(Short descriptive text snippets)
- Opening Delimiter -
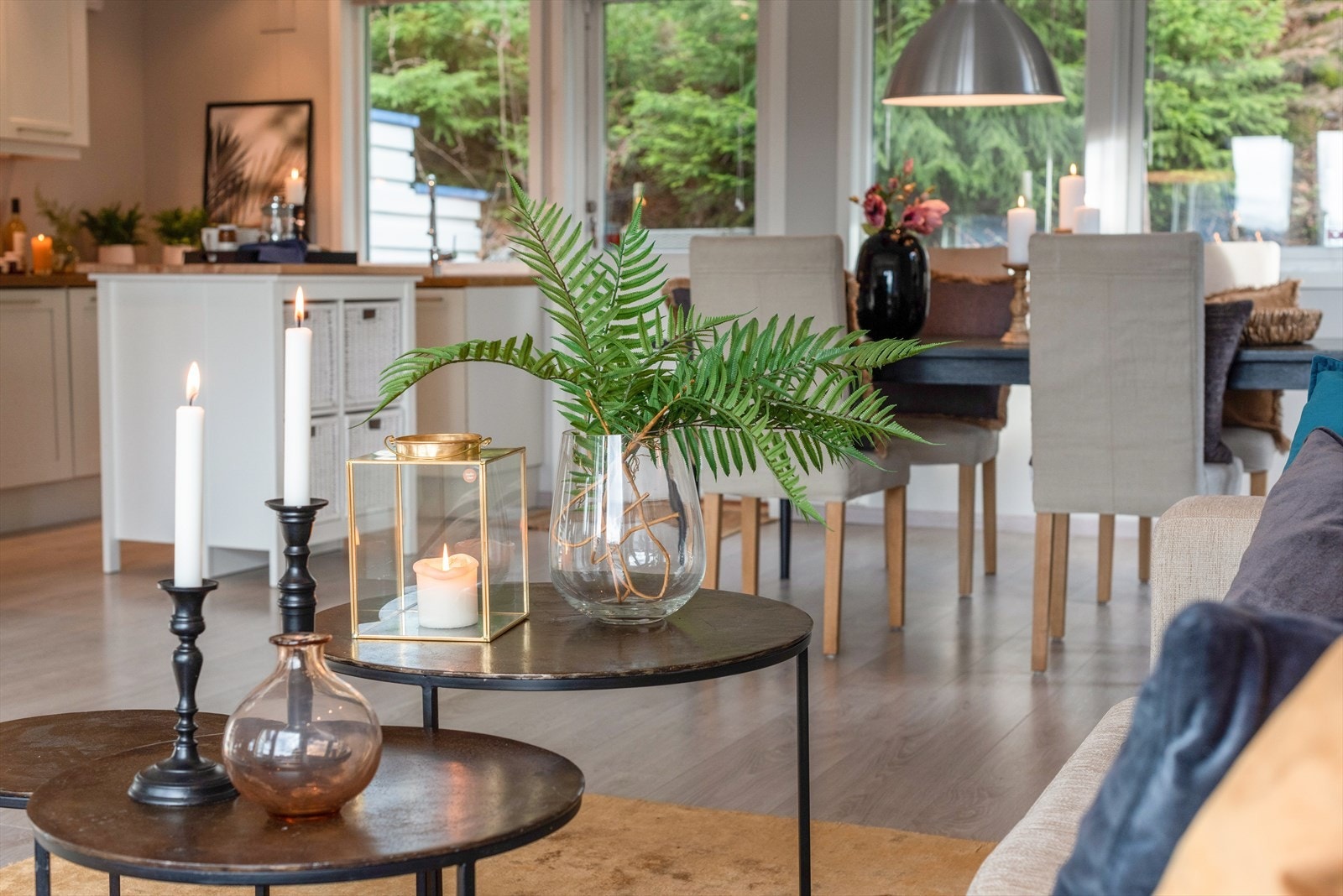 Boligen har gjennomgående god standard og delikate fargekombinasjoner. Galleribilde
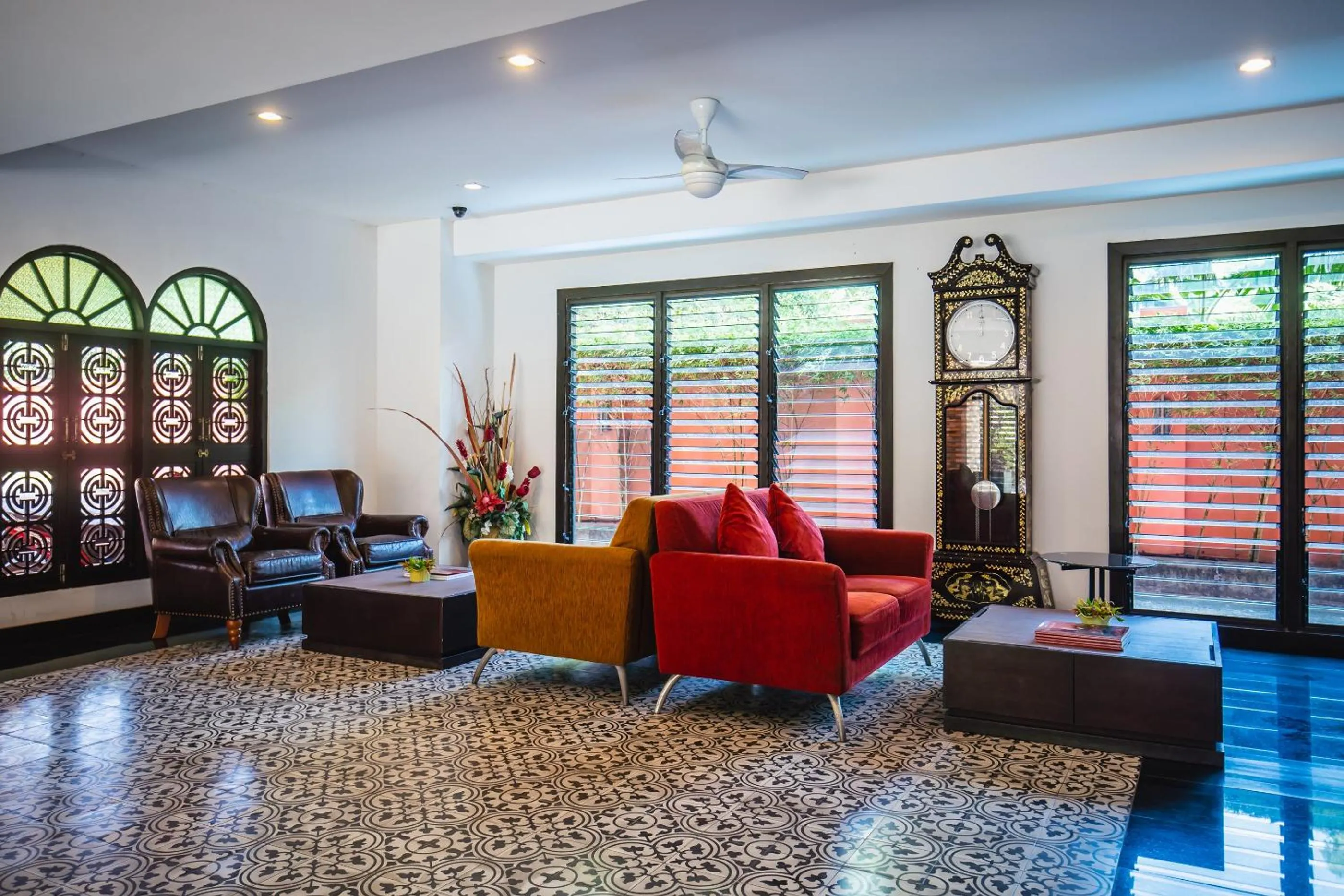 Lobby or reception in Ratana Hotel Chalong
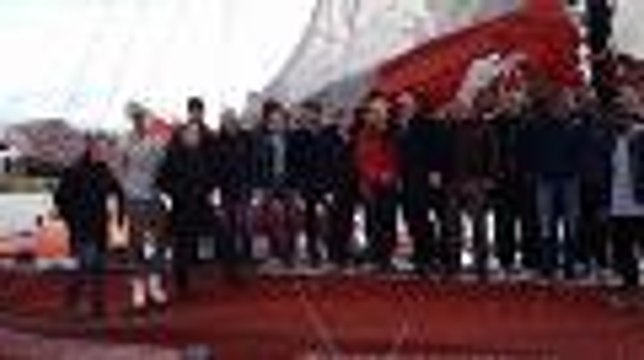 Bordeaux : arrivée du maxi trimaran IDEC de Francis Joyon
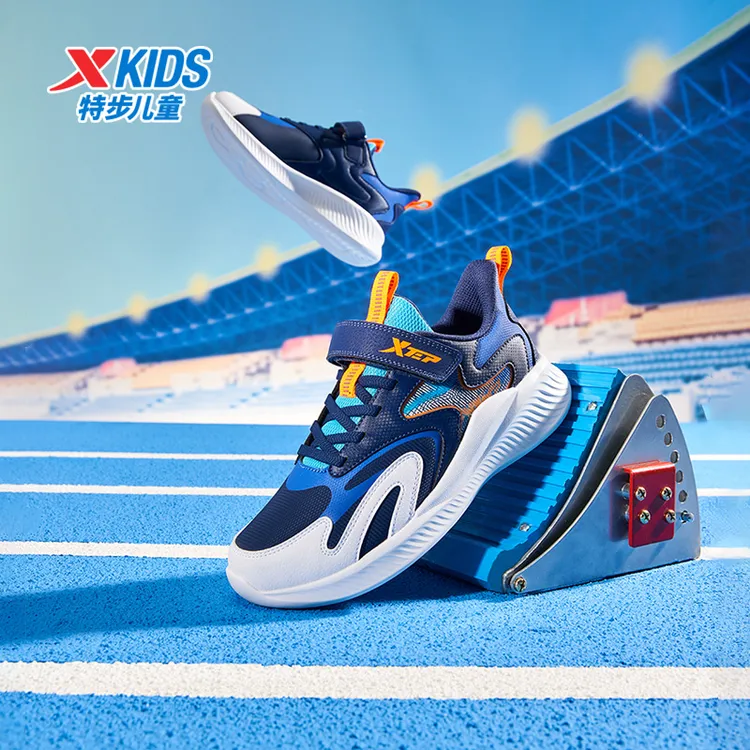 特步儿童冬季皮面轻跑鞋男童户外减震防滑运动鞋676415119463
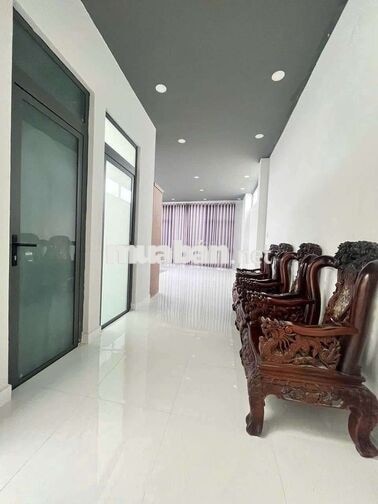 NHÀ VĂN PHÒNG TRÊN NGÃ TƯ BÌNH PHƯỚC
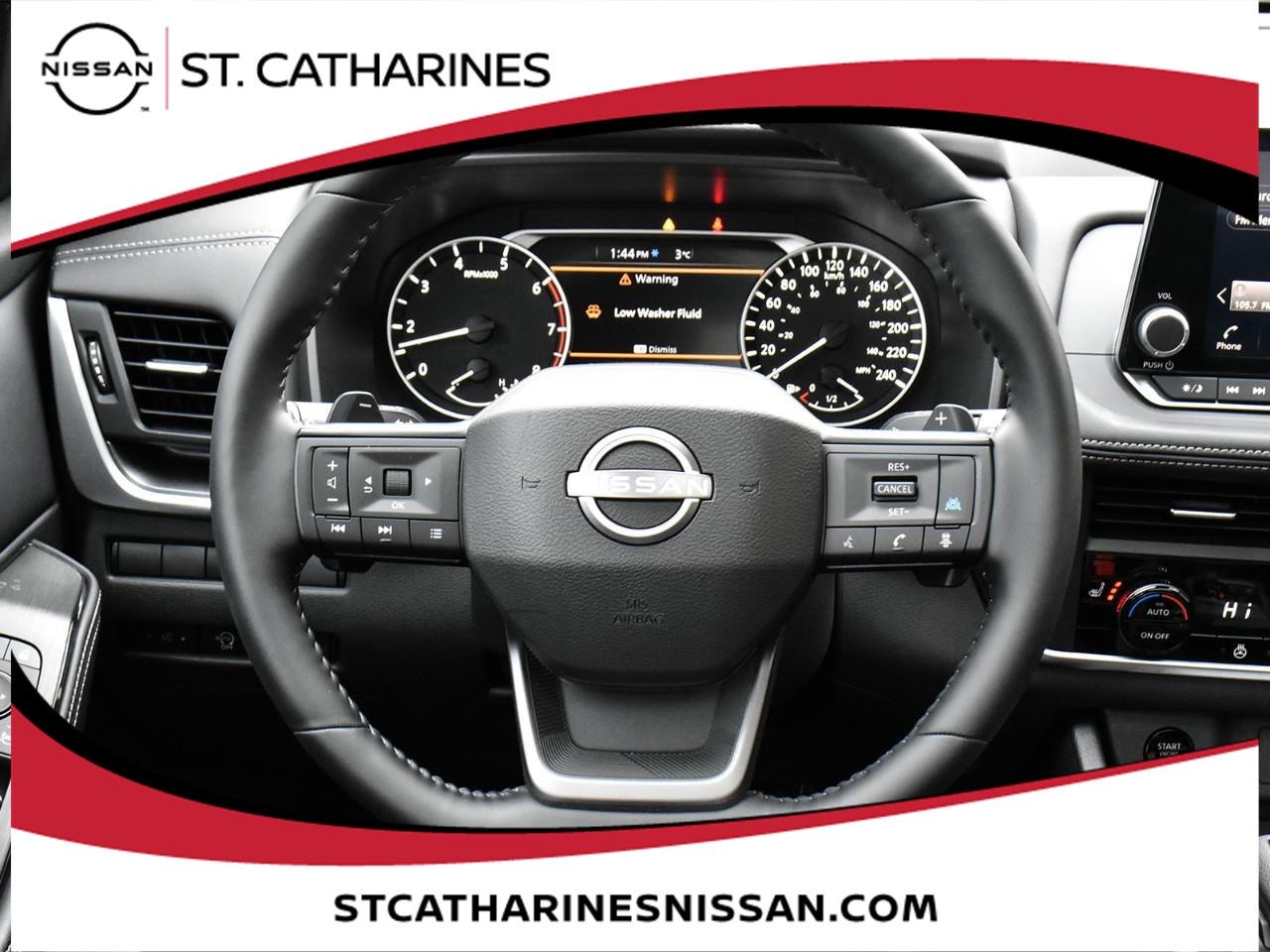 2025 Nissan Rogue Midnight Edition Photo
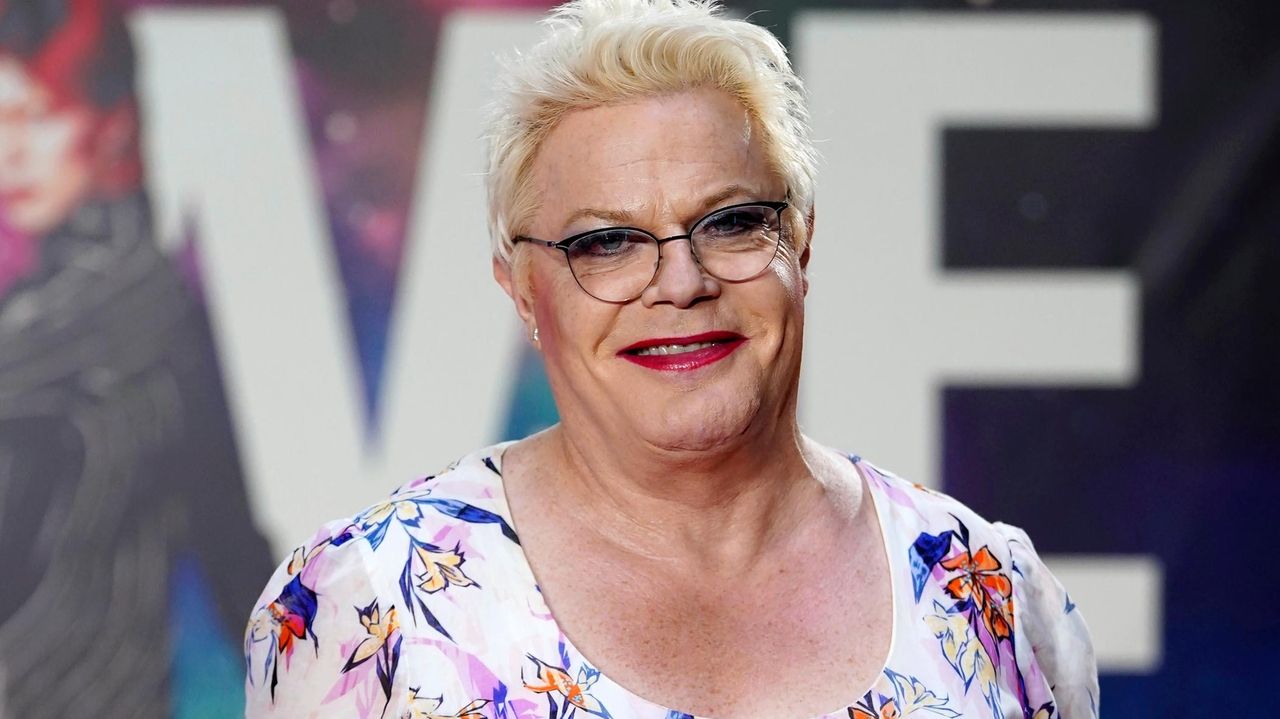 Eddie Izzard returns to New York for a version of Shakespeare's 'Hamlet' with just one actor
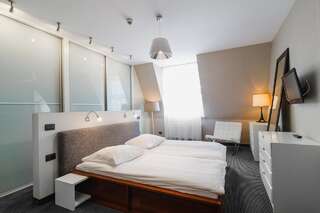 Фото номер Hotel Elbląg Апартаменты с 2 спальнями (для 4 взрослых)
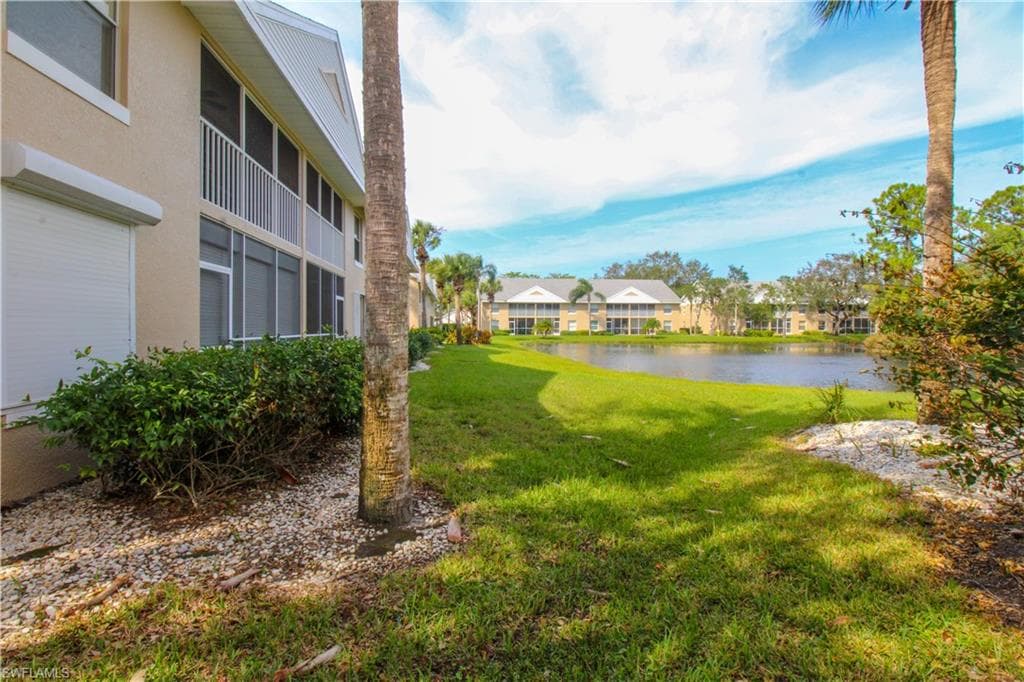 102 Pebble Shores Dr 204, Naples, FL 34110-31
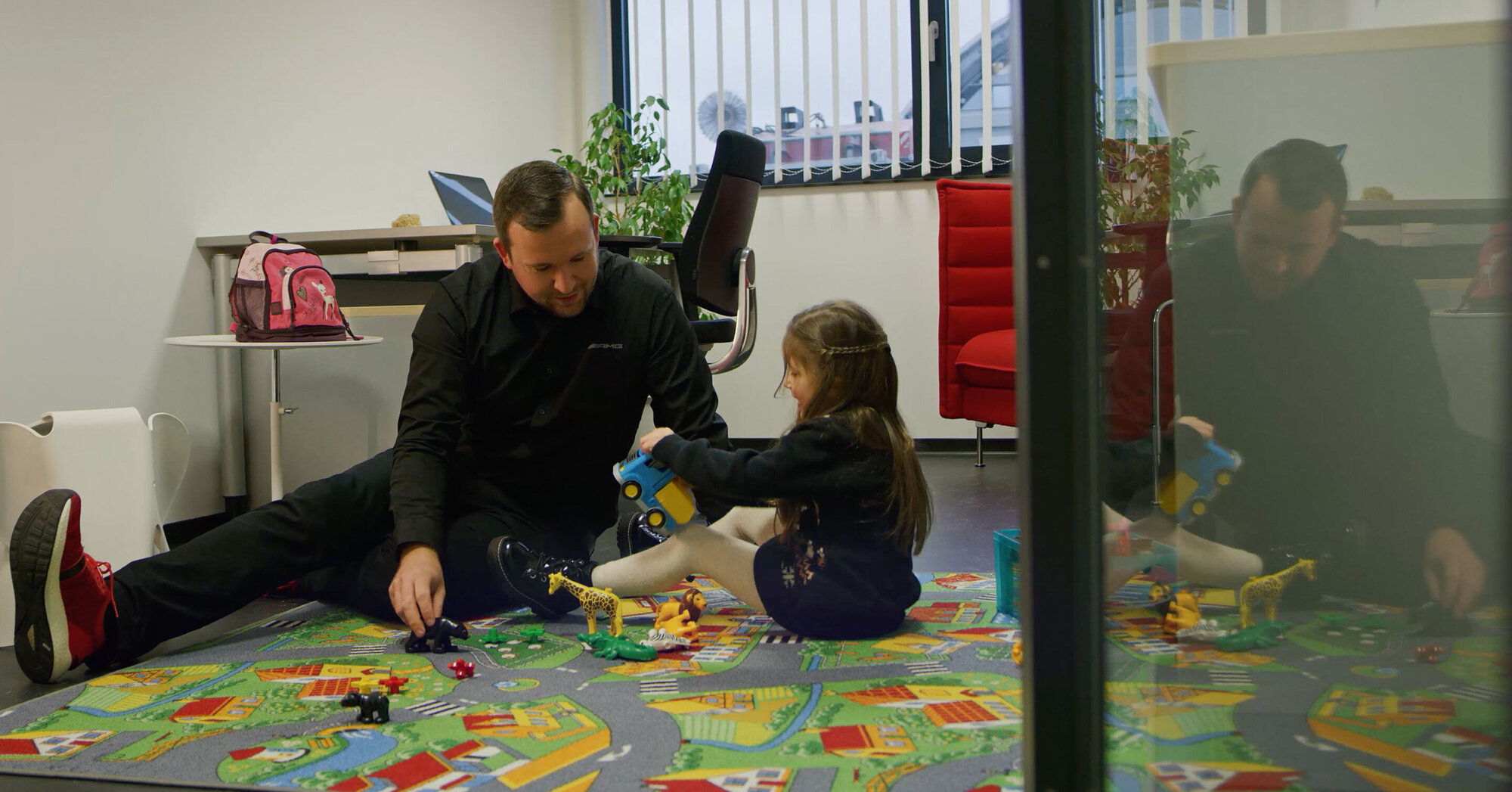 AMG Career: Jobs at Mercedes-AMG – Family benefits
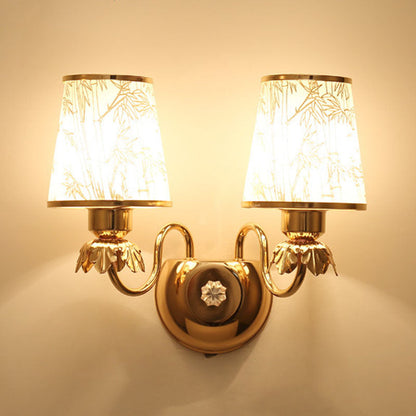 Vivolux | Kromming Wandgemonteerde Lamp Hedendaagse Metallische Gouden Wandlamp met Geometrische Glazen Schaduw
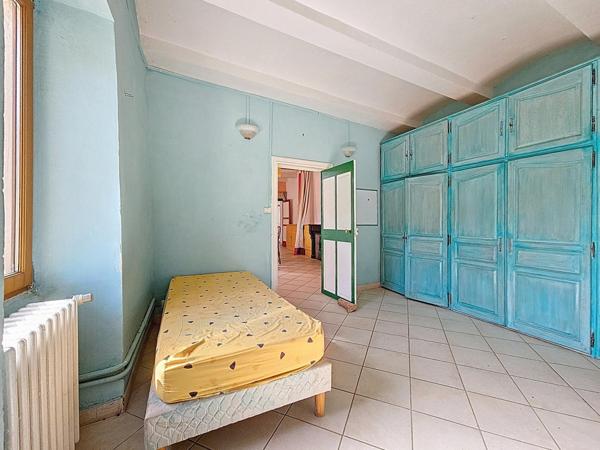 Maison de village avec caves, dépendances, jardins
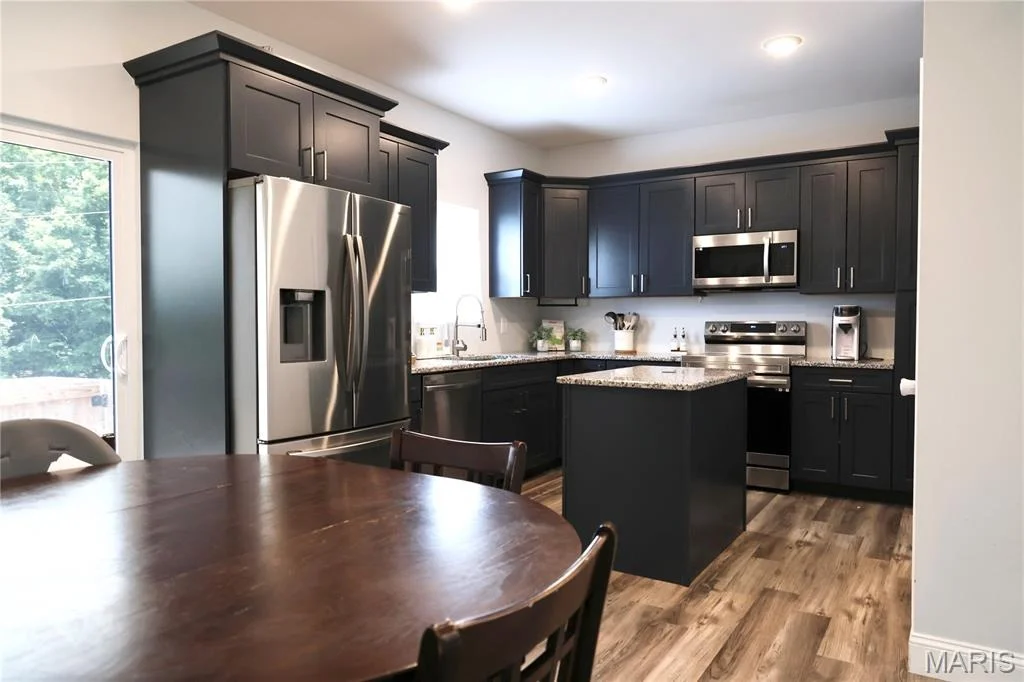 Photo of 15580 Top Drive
- Closing Delimiter -
Work task: Output, exactly and with no pictures, every line from the one that contains "2025 Nissan Rogue Midnight Edition Photo" through the final line of the entries.

Answer:
 2025 Nissan Rogue Midnight Edition Photo
 Eddie Izzard returns to New York for a version of Shakespeare's 'Hamlet' with just one actor
 Фото номер Hotel Elbląg Апартаменты с 2 спальнями (для 4 взрослых)
 102 Pebble Shores Dr 204, Naples, FL 34110-31
 AMG Career: Jobs at Mercedes-AMG – Family benefits
 Vivolux | Kromming Wandgemonteerde Lamp Hedendaagse Metallische Gouden Wandlamp met Geometrische Glazen Schaduw
 Maison de village avec caves, dépendances, jardins
 Photo of 15580 Top Drive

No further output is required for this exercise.